De modo que en el fondo de tu alma y de los laberintos de sus luchas de intereses y prejuicios, y mucho más allá de los convenientes convencionalismos militantes de los ‘pisos parejos’, ¿usas o no usas todo el gran poder de legitimidad del que dispones para hacer que el piso más parejo para todos los contendientes en disputa a sucederte sea el de tus conveniencias reales, con su ideario público incluido, entendiendo que a final de cuentas los perdedores de allá, del otro lado de tus creencias y tus conveniencias, terminarán pensando que el piso de la competencia fuiste tú quien lo emparejaste a tu medida, y unos y otros y todos sabrán a ciencia cierta que no serías tan tonto para poner el peso de todo tu poder y tu astucia y liderazgo en contra tuya y en el mirador de sólo unos cuantos creyentes incautos que habrían de asumir a ciegas que la buena política es aquella que apuesta al juego limpio en la democracia de la pureza inmaculada y absoluta?
“Adán es mi hermano”, dice Andrés Manuel.
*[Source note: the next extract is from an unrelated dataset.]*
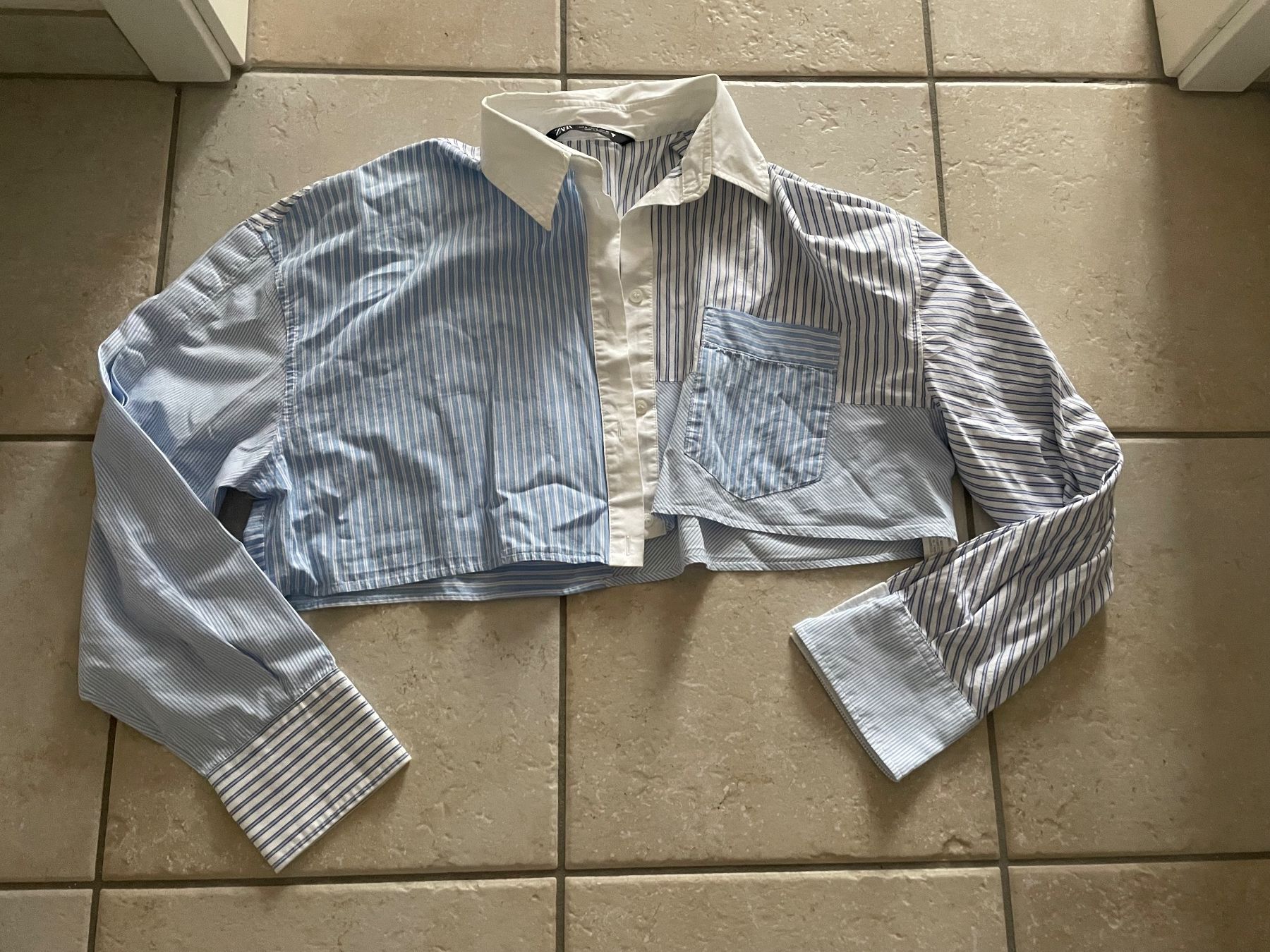 Camicette: Zara Crop Hemd in blau Gr. M – Nuovo (secondo la descrizione) da Spreitenbach venduto da Webtempel 1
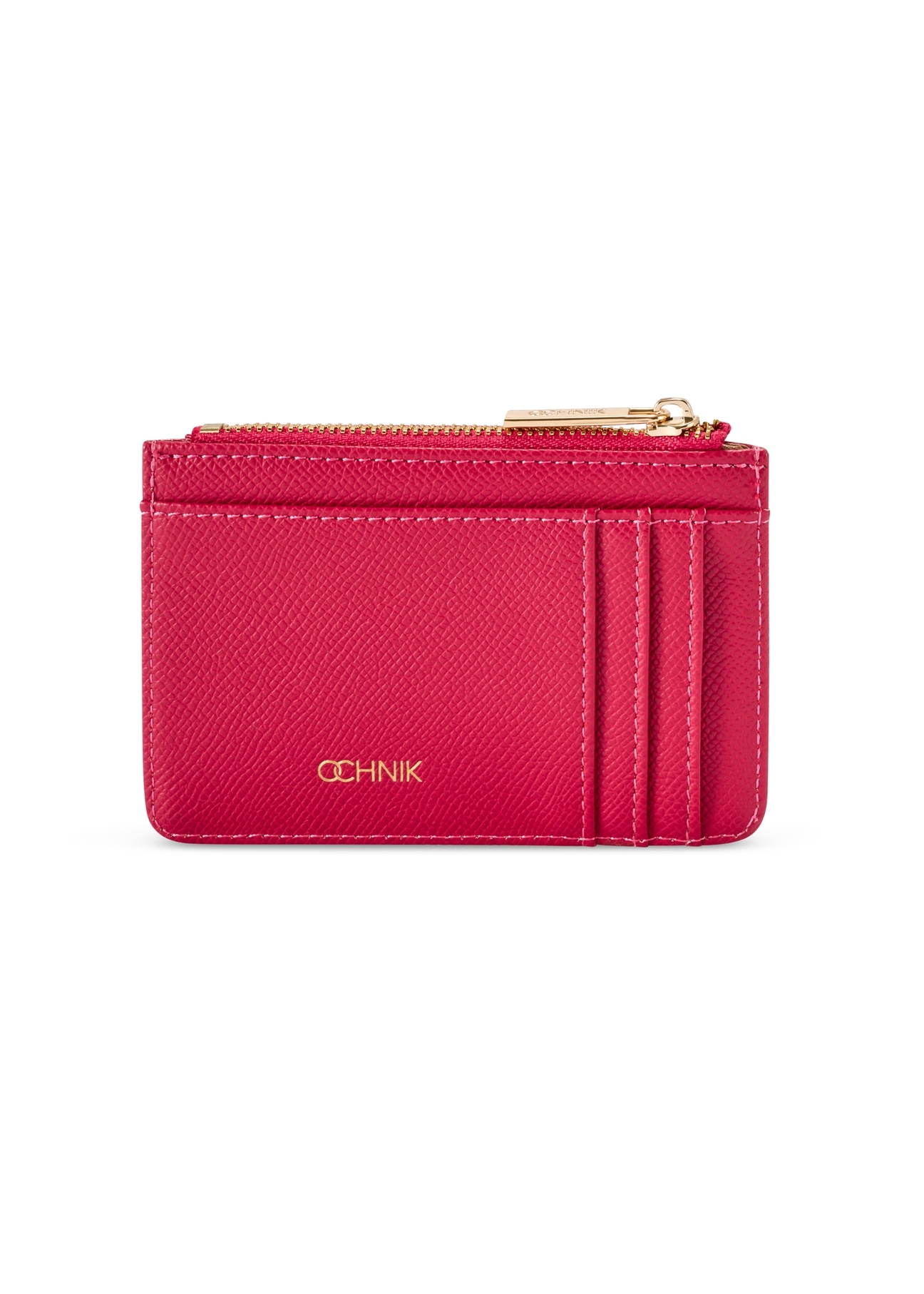 Fuchsia card case POREC-0413-5E(W26), front product view on white background.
Y pinta su perfil familiar y personal de gente honrada, incorruptible y competente, a quien conoce cual la palma de su mano y por quien es capaz de poner su corazón al fuego.
¿Por quién apuesta, entonces, el Presidente más popular y poderoso de la historia?
Lo dice a los cuatro vientos.
Y lo seguirá diciendo con cada vez mayor intensidad y donde más puedan saberlo quienes tengan la intención de votar en el mismo sentido de sus intenciones sucesorias y del emparejamiento necesario del piso de las transformaciones nacionales que más le importan.
‘Adán soy yo’, lo dice casi letra a letra. ‘Es lo que quiero en mi lugar más allá de mí mismo’, hace saber sin dejar lugar a dudas.
Y ahora a insistir en eso. Es el muy evidente e incuestionable y simple propósito de campaña de Andrés Manuel. Es la agenda en la que estará metido en cuerpo y alma como jamás nunca por nadie. Es su plan de vida o muerte.
Y ahora a confiar en que esa insistencia obre el poder de las preferencias de sus mayorías para convertir a un ser tan poco carismático -aunque probadamente sensible, apto, culto y visionario- en el líder capaz de sobreponerse, sin rupturas peligrosas, al ya identificado como el único rival a vencer y a quien no se tuvo más remedio que dejar crecer -sin poder regatearle sus servicios a la causa obradorista ni dejar de consignar, tampoco, que merced a ella es ahora un acreditado presidenciable-, es decir, al buen Marcelo Ebrard, contra quien no habrá más remedio ahora que enfilar las velas.